Imagine you are sitting in a meeting and someone in your midst utters something that is entirely wrong.
How long would you be able to sit silently enduring nonsense?
Let alone a fact, what if someone is mispronouncing something in an obviously wrong way.
How long would you be able to take it?
Why do we all feel the urge to correct people? Why can’t we endure something wrong without flinching?
Superiority complex? Now really!
There is a truth and reality that we hold dear to ourselves and when we come across people spouting stuff that is untrue it rankles at the reality that we have built for ourselves. This is often hard to digest.
“A religious war is like killing someone over who has the better imaginary friend.” Larry Beinhart
When our reality is disrupted - not the real reality but the one in our minds - we feel this intense need to defend it whether it may be necessary or not.
This disruption is what causes us to engage in shouting matches on Twitter to try and prove ourselves right.

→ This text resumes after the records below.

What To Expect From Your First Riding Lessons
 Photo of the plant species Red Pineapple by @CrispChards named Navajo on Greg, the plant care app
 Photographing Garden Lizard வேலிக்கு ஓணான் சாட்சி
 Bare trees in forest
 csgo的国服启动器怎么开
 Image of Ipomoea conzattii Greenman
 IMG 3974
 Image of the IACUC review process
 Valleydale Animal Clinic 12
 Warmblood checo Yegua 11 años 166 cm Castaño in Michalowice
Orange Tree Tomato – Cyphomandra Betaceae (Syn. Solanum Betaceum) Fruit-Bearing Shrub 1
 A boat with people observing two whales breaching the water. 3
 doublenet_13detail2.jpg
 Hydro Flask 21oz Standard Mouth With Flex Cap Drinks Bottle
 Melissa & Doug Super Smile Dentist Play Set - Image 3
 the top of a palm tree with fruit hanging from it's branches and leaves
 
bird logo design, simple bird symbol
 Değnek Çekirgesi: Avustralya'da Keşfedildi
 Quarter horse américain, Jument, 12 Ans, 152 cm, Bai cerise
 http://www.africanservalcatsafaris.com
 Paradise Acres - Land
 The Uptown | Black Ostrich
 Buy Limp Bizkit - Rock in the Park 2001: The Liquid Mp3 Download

The closer a person is to you, the more this disruption grates at you. When your parents or your spouse utters right-wing crap or left-wing crap depending on your inclination it becomes impossible not to want to correct them because it confronts your reality at such a close quarter.
Source: XKCD
They say that at a molecular level, every atom is 99% empty. Only 1% represents the atoms and the bonds between them. I am looking at my table now and it does not seem like 99% emptiness.
Reality is nothing, it is just an experience that we are having. A way in which our senses are interpreting the world around us. Even your reality is not really real.
Ignoring is the greatest superpower that one can have. It is also perhaps the most underutilised power.
DO NOTHING.... probably evolved from this hypothesis.